Analyzing “The Yellow Wallpaper”: Feminism and Confinement

Analyzing “The Yellow Wallpaper” by Charlotte Perkins Gilman

The Yellow Wallpaper by Charlotte Perkins Gilman is not simply about American women; it delves into the experience of a white American Protestant woman who questions patriarchy. The protagonist, an artist, is a woman frustrated in her creativity, imprisoned in a room, and forced to focus on the only space left for her to express that creativity: the wallpaper.

Individuals who are restricted in their freedom to create often channel their artistic impulses elsewhere. The protagonist transforms the wallpaper into her book, where she writes her own text. The wallpaper becomes a projection of the narrator’s problems.
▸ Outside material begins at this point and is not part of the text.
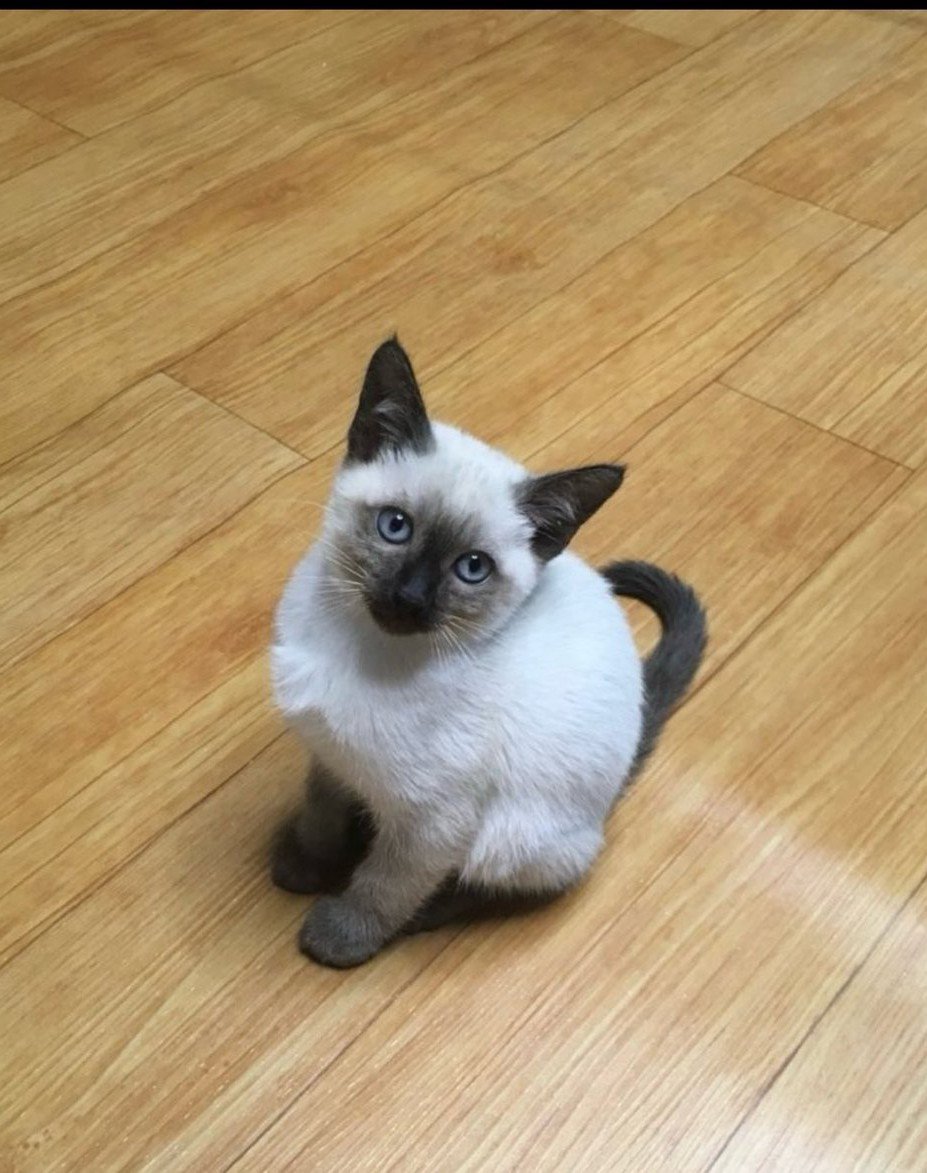 최산 애정해 tweet media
When first published, it was considered just another gothic tale. However, feminist writers and critics re-read it, interpreting it as a struggle that explains women’s challenges at the end of the century. It addresses medicine, doctors, and, most importantly, the way women are prescribed by medical science as healthy or unhealthy, sane or mad. The story describes and catalogs the female body, a domain where only men could acquire scientific knowledge.

Criticism of Scientific Treatment

The story critiques scientific treatment because the female body exists as described by a male text. The protagonist questions the objectiveness of that scientific discourse, highlighting how much of what we assume to be objective (true) has been constructed by a patriarchal understanding of the world. The concept of hysteria in the text is a way to separate the woman, to isolate her, and to cover up her problems. She cannot fit into the cult of true womanhood, leading to a nervous breakdown, frustrated creativity, and reduction to insanity by the male text.
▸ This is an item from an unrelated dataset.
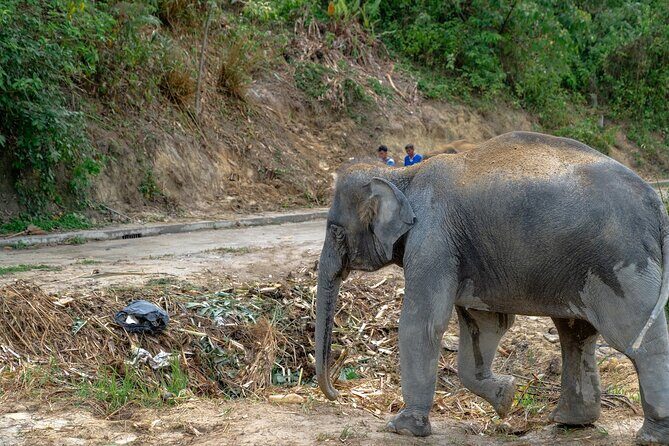 Patong Highlight Elephant Sanctuary with Guide Tour - What Travelers Love About This Experience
In the preface, Gilman suggests she suffered from the disease she describes, though this is likely a manipulation of the reader. The story is structured in blocks, highlighting the clash between heart vs. mind. The conflict between John’s and her own perspectives leads to isolation and insanity. Just because she is biologically a woman does not mean she behaves as one. Jennie, her husband’s sister, agrees with her brother, representing opposite attitudes. In the text, four characters are present, with three opposing the protagonist, a dynamic also seen in Trifles. John, a physician, is excluded from emotions (rational mind).

Writing as Escape

Writing for women is the only possibility to BE, especially in the Protestant world, serving as an escape. It is the only possibility of growing and escaping from reality. The phrase ‘He is very careful and loving…’ presents a contradiction. She is torn between her emotions, real feelings, and the way society tells her to think about her husband and marriage. Under reality, under the pattern of the paper, she can discover herself.

The Silent Woman

The quiet woman is the model to follow, a woman who keeps her thoughts to herself. Women are voiceless. Women writers can describe the process of social oppression and create images of liberation using silence. Women must use literary strategies to work within that voiceless framework. In feminist criticism and writing, silence becomes very important. The epitome of silent women: the Virgin Mary. The protagonist becomes one with the paper, enclosing herself in complete isolation when she locks the door.